• ACTION ITEM: Set down only these lines, exactly: the line containing "Justin II AD.565-578." and all lines through the end of the data below. Omit pictures.

(Dataset excerpts)

————————

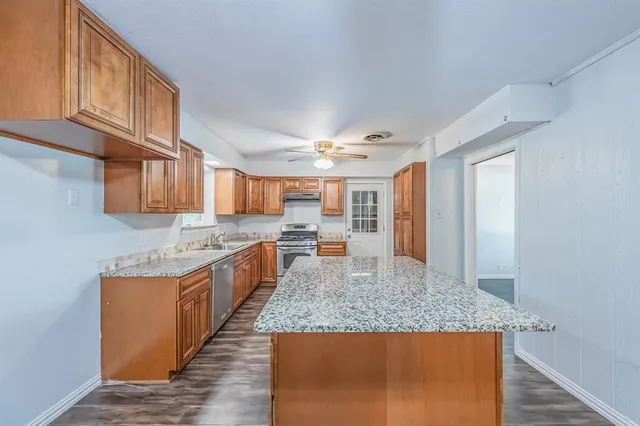 a large kitchen with kitchen island a large counter top space and stainless steel appliances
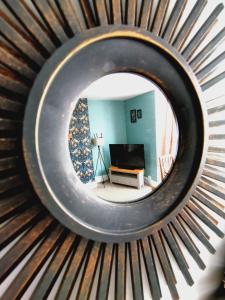 a circular mirror in front of a living room at Driftwood Apartment in Saltburn-by-the-Sea
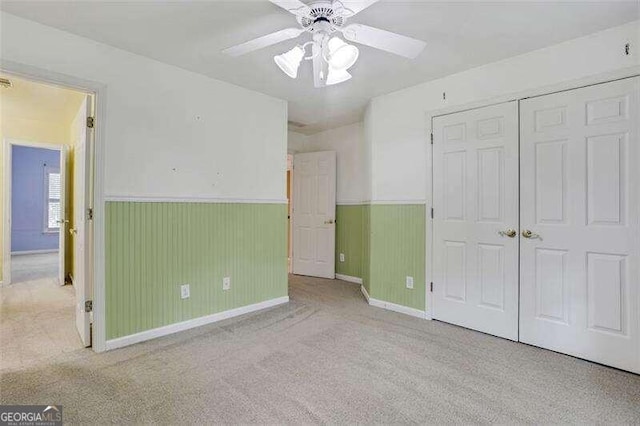 unfurnished bedroom with ceiling fan, a closet, carpet flooring, and wainscoting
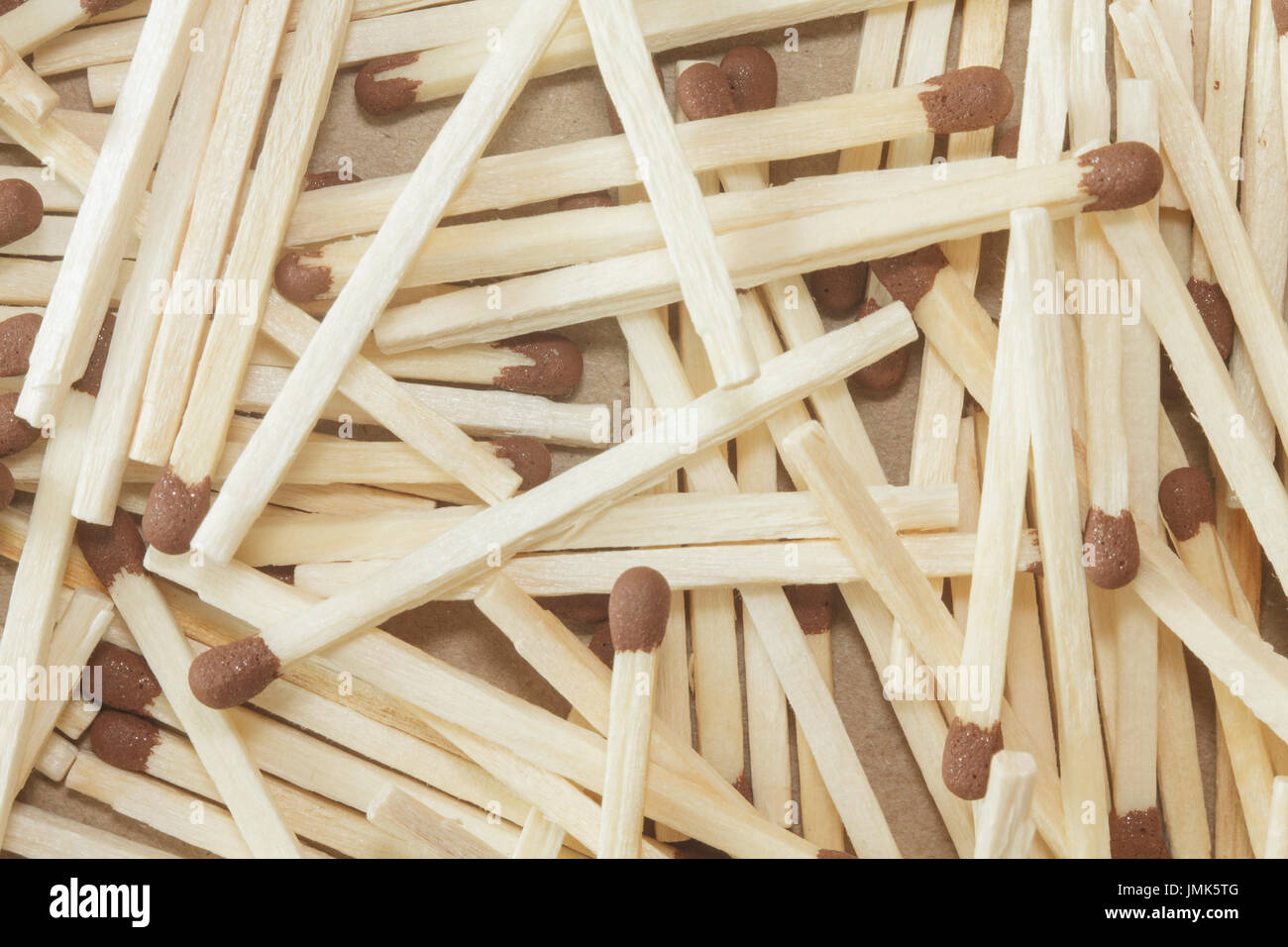 Wooden matches with brown heads closeup Stock Photo
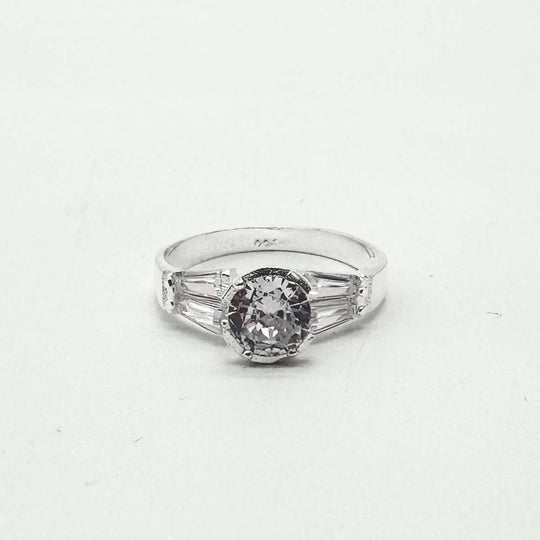 Anillo de plata 925 con zirconia central redonda y detalles laterales de corte baguette brillantes.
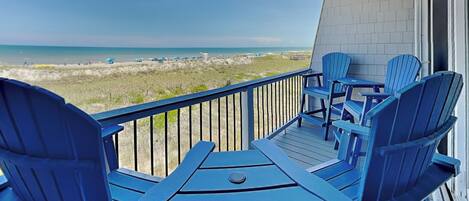 Une terrasse avec des chaises Adirondack bleues et une table donnant sur une plage.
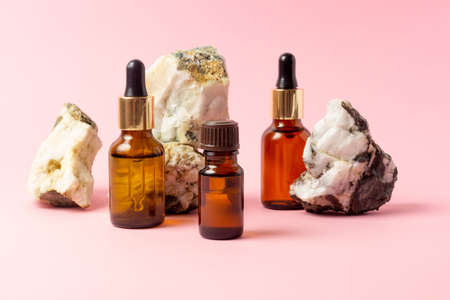 An amber bottle for essential oils and cosmetics stands next to the stone. Glass bottle on a pink background. Dropper, spray bottle. Natural cosmetics concept.の写真素材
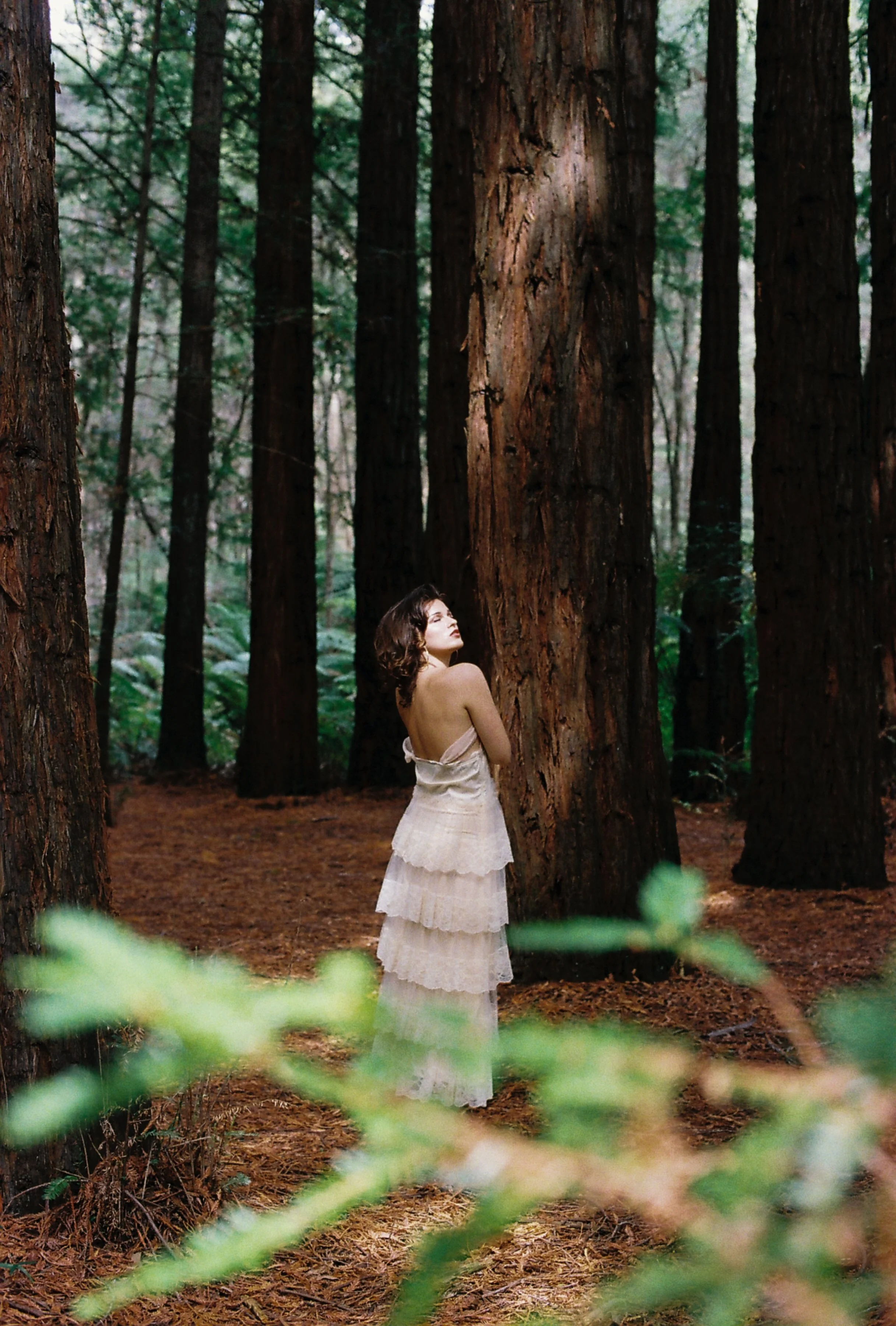 A woman in a white, layered dress standing in a dense forest with tall trees and green foliage.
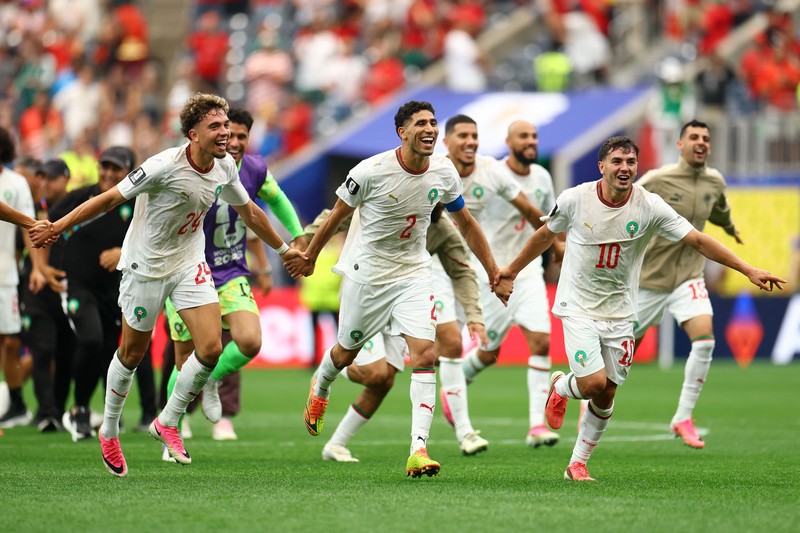 Soccer Football - FIFA World Cup 2026 - Round of 16 - Canada v Morocco - Houston Stadium, Houston, Texas, U.S. - July 4, 2026 Morocco's Achraf Hakimi, Brahim Diaz and Neil El Aynaoui celebrate after the match REUTERS/Hannah Mckay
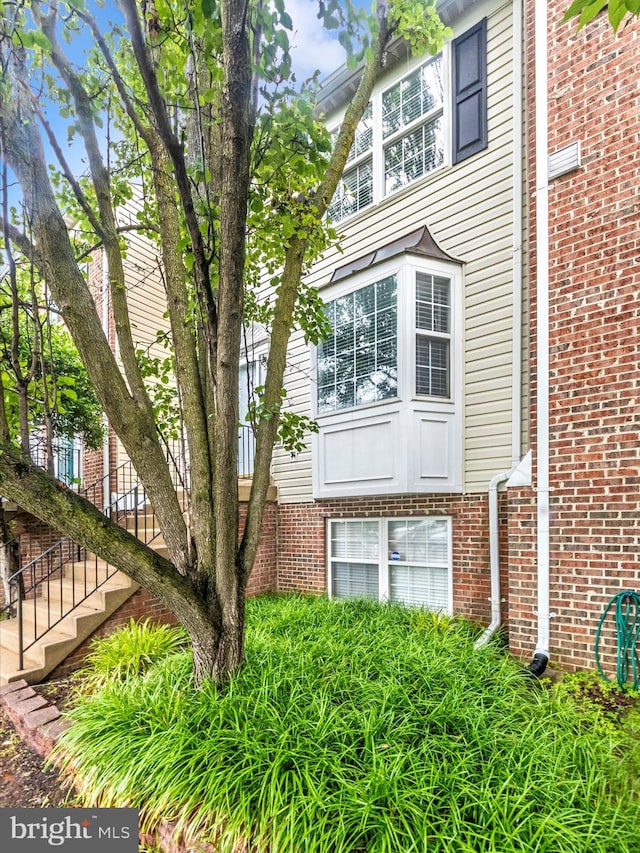 2482 Wentworth Dr Unit 2482, Crofton, MD 21114 - view of property exterior with stairway and brick siding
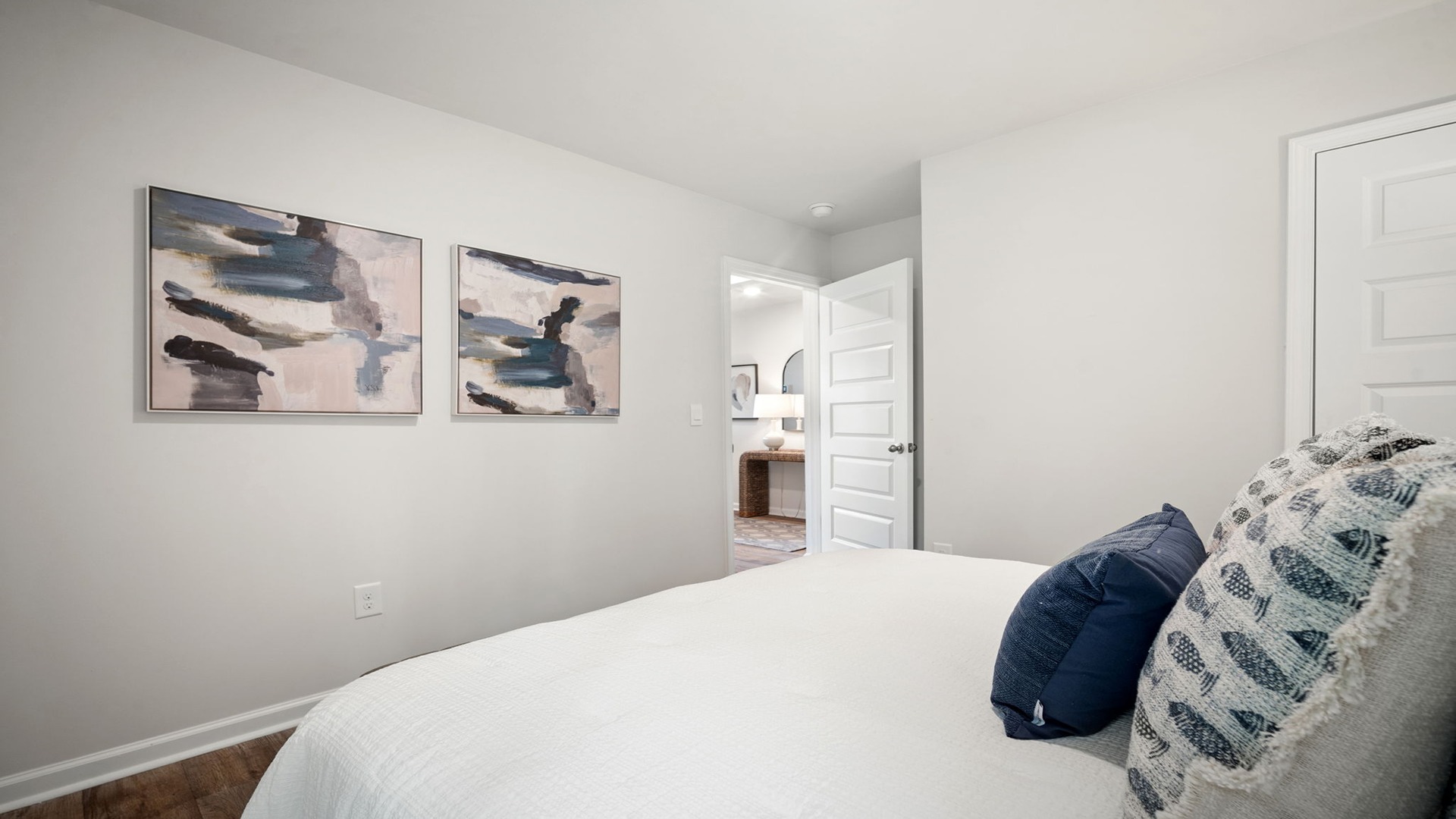Guest bedroom decorated with a bed and side table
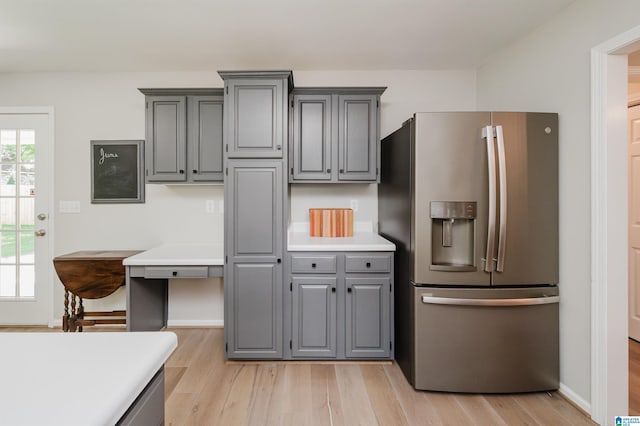 5904 Russet Meadows Way, Helena, AL 35244 - kitchen featuring stainless steel refrigerator with ice dispenser, gray cabinetry, light wood-type flooring, and light countertops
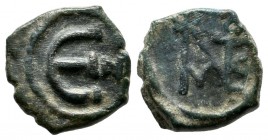 Justin II AD.565-578. AE Pentanummium (13mm, 1.90g). Nikomedia mint. IΥΣTINAI KAI ΣO ΦIAΣ; monogram (Sear type 8) of Justin II and Sophia. / Large Є; ...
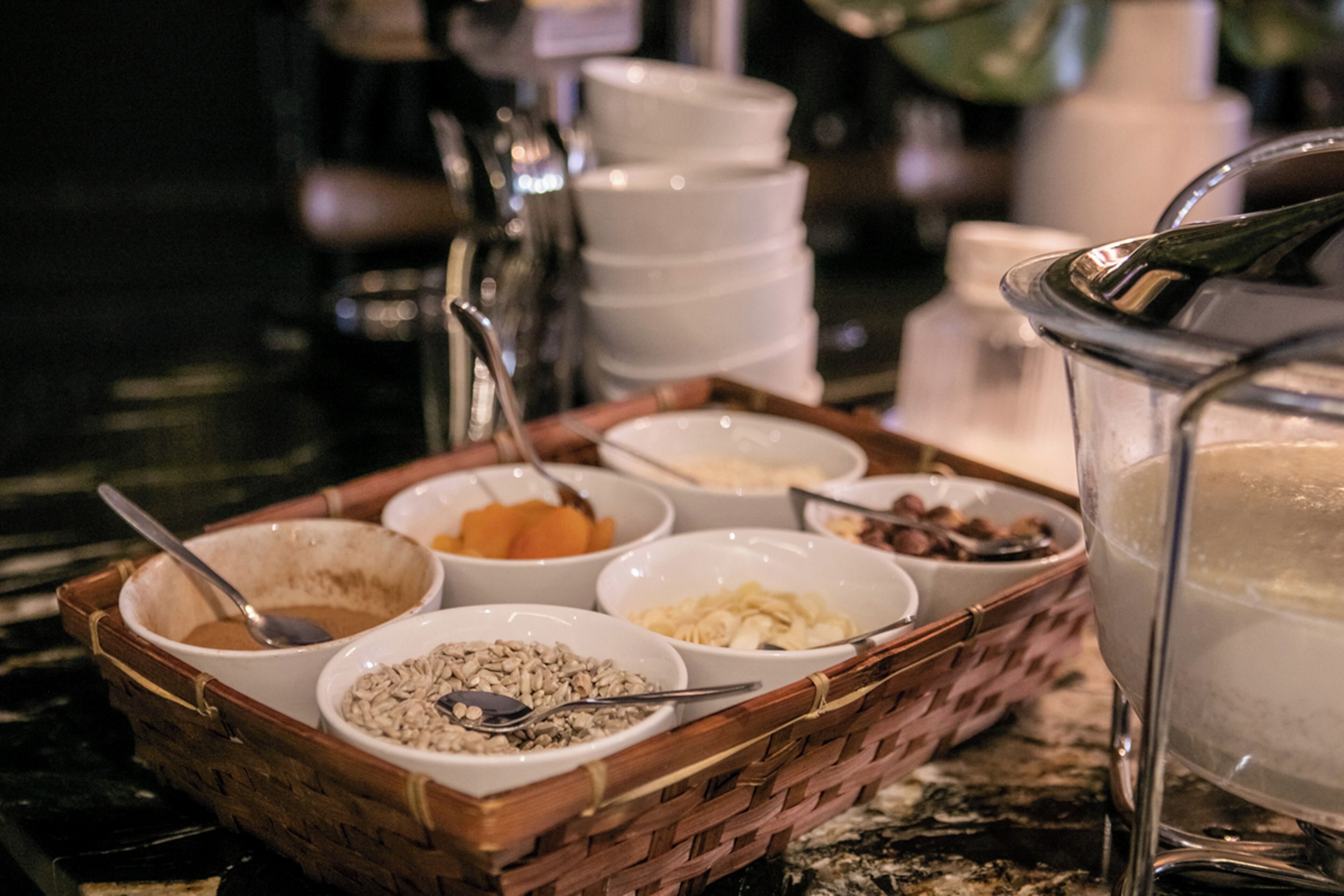 A buffet setup with various food items in bowls and a large pitcher of water.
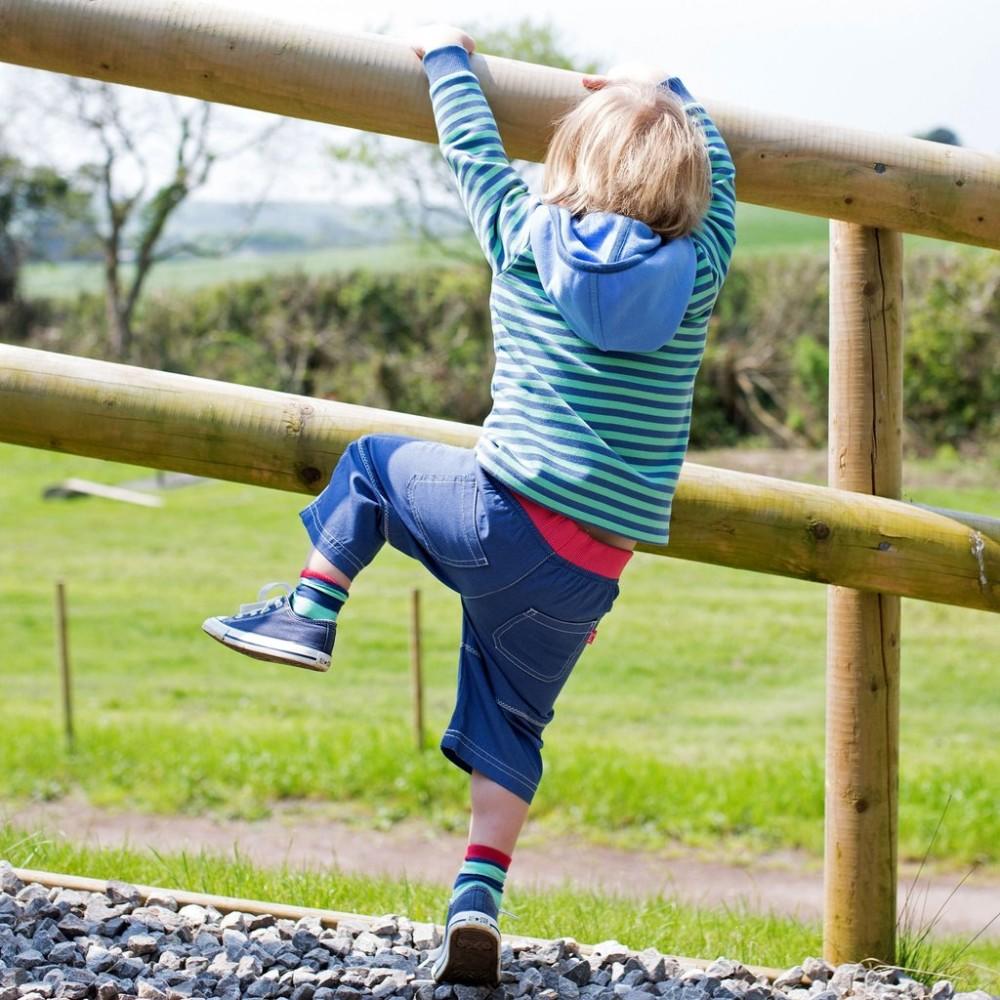 Boy wearing Kite Clothing Zig Zag Shorts climbing fence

————————

• EXERCISE OUTPUT:
 Justin II AD.565-578. AE Pentanummium (13mm, 1.90g). Nikomedia mint. IΥΣTINAI KAI ΣO ΦIAΣ; monogram (Sear type 8) of Justin II and Sophia. / Large Є; ...
 A buffet setup with various food items in bowls and a large pitcher of water.
 Boy wearing Kite Clothing Zig Zag Shorts climbing fence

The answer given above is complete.